Obviously you are far more comfortable relying on a central trusted authority. Why not just use AWS or GCP? They do sharding and encryption. I think you miss the whole point of Web3 and open marketplaces and open transparent systems.

Actually it is not PoW but Proof of Storage (PoST). You might want to Google the green aspects of FC. Several of the providers use data centers with 100% renewable energy, hard to imaging all SNOs use green energy.

The Holon “article” claimed Filecoin is the Airbnb of decentralized storage…

So…

Where is the Airbnb experience to be found?



I know this thread is just going to go in circles for ever. That’s fine, and sort of the point.

You run a Filecoin node. I didn’t know exactly what that meant before this thread. I greatly appreciate the information you’ve provided on Filecoin. I also greatly appreciate you supporting the Storj network by running a few nodes.

You seemed to want an honest debate of the merits of Storj vs. Filecoin. Hopefully the debate didn’t get too personal.
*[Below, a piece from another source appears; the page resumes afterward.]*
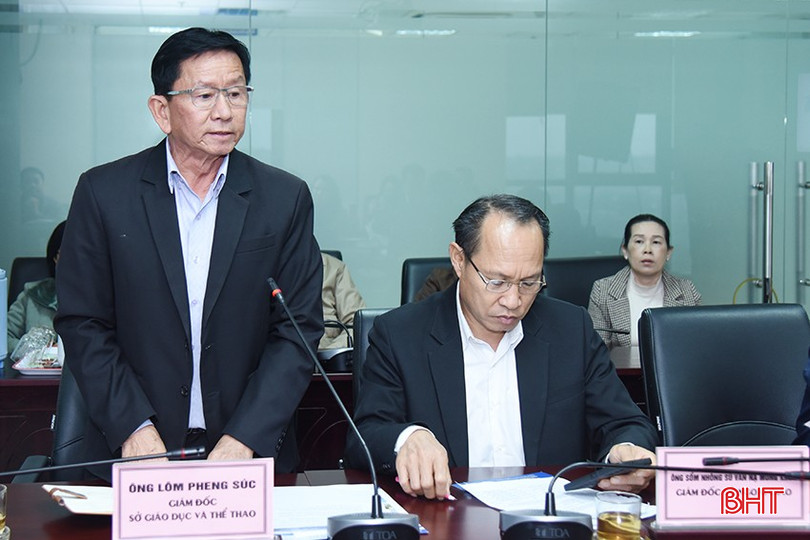 Ông Lôm Pheng Súc - Giám đốc Sở Giáo dục và Thể thao tỉnh Bolikhămxay phát biểu tại buổi lễ. bqbht_br_dsc-8589-copy.jpg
I don’t think that was the intent of anyone, certainly not me. For myself, I just didn’t know enough to enter the debate without first getting some pointers to how Filecoin works and what’s involved in running a Node.

I’ve gotten what I was looking for… a better understanding of what I was looking at and finding about Filecoin.

I’ve posted WAY TOO MANY replies on this thread. So, this will be my last reply on this one.

Some of this USC data is still be ingested.

Yes, just as I point out there are mitigations.

Actually Filecoin is decentralized as I pointed out with examples above. Stoj is not at all decentralized despite the marketing claims and is no more than AWS or CGP with outsourced JBODs.

Actually this shows one case, not ‘widespread loss’ and certainly no evidence has been presented of ‘many complaints about file loss’.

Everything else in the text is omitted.